Au vu de ces éléments, il convient de condamner les époux A à payer aux époux X la somme de 9800' au titre des travaux de remise en état de l’installation électrique par eux engagés.
IV. Sur le préjudice moral et de jouissance
Les époux X réclament une indemnité de 100' par mois depuis le 17 décembre 2011 en réparation de leur préjudice de jouissance, financier et moral jusqu’au prononcé de l’arrêt.
Ils ne sont pas fondés à se prévaloir d’un préjudice de jouissance au titre du sous-dimensionnement de la fosse puisqu’ils ont obtenu une baisse du prix d’achat pour réaliser les travaux de mise aux normes qu’ils n’ont finalement pas entrepris.
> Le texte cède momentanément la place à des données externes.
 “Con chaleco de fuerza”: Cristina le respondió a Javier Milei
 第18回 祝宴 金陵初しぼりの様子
En revanche, comme retenu par le premier juge, ils ont subi des tracas et troubles dans les conditions d’occupation de leur maison, où ils accueillaient des hôtes, du fait des problèmes électriques rencontrés.
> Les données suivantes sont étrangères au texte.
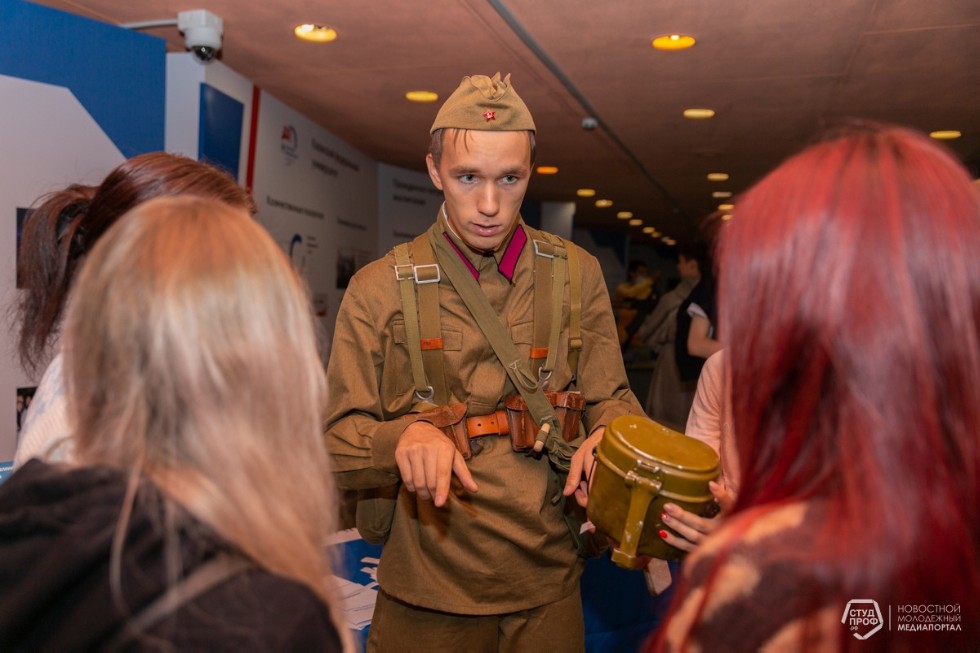 Мы очень рады долгожданной встрече с Вами ? первокурсники! Мы очень рады долгожданной встрече с Вами ? первокурсники!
Leur préjudice moral et de jouissance, éprouvé sur la période allant de juin 2013 (date de la première réclamation) à janvier 2017 (fin des travaux électriques), sera justement réparé par l’allocation d’une indemnité de 3000'.
L’existence d’un préjudice financier n’étant démontrée par aucun élément, la demande à ce titre est rejetée.
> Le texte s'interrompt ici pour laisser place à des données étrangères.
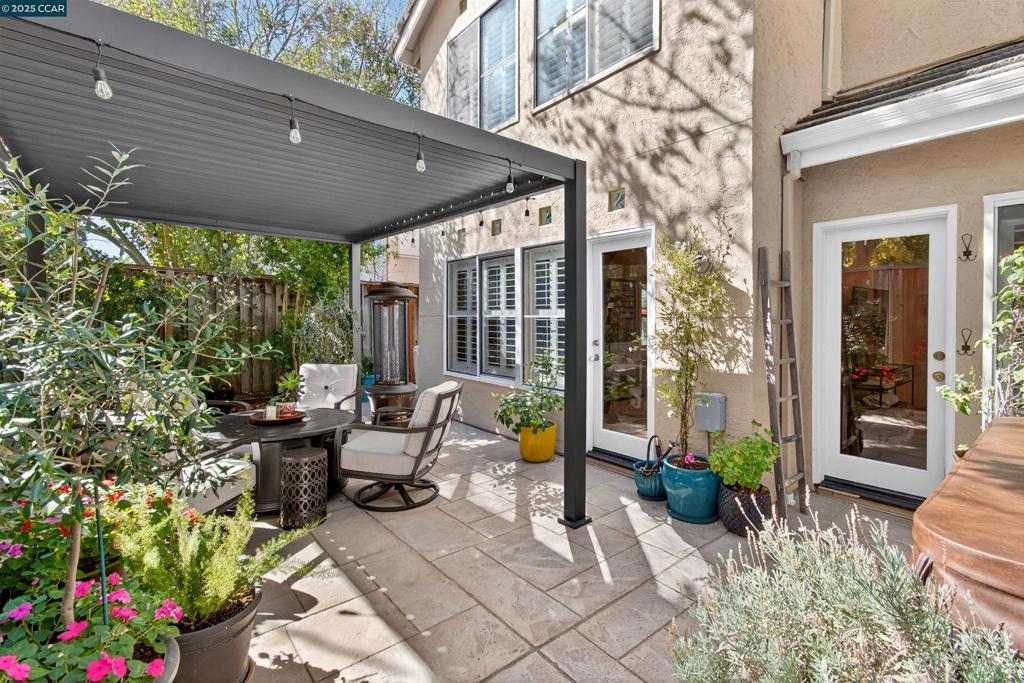 CANYON LAKES - Residential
V. Sur les demandes accessoires
La disposition relative aux frais irrépétibles est confirmée.
M. et Mme A, partie succombante, sont condamnés aux entiers dépens de première instance et d’appel sans qu’il y ait lieu de les décharger d’une partie des frais d’expertise au motif que leur responsabilité n’a été retenue que pour un seul vice.
Il convient également de les condamner à payer aux époux X la somme de 2000' au titre des frais irrépétibles exposés devant la cour.
PAR CES MOTIFS
La cour, statuant publiquement, par arrêt contradictoire, mis à disposition au greffe,
INFIRME le jugement entrepris sauf en ce qu’il a condamné M. et Mme A à payer à M. et Mme X la somme de 3000' au titre de l’article 700 du code de procédure civile et dit n’y avoir lieu à application de ce texte au profit des époux A ;
Statuant à nouveau du chef des dispositions infirmées et y ajoutant,
DECLARE irrecevables comme étant forcloses les demandes indemnitaires formées par les époux X sur le fondement de la garantie décennale au titre des vices affectant la charpente et la couverture du bâtiment annexe et des engorgements des canalisations ;
CONDAMNE M. et Mme A à payer à M. et Mme X la somme de 9800' au titre des travaux de remise en état de l’installation électrique par eux engagés ;
CONDAMNE M. et Mme A à payer à M. et Mme X la somme de 3000' en réparation de leur préjudice moral et de jouissance ;
DEBOUTE M. et Mme X du surplus de leurs demandes indemnitaires ;
CONDAMNE M. et Mme A à payer à M. et Mme X la somme de 2000' au titre des frais irrépétibles de l’appel ;
CONDAMNE M. et Mme A aux entiers dépens de première instance et d’appel, en ce compris les frais de l’instance en référé-expertise et d’expertise judiciaire, avec droit de recouvrement direct au profit des avocats constitués en la cause qui en ont fait la demande, conformément aux dispositions de l’article 699 du code de procédure civile ;
DEBOUTE les parties de leurs demandes plus amples ou contraires.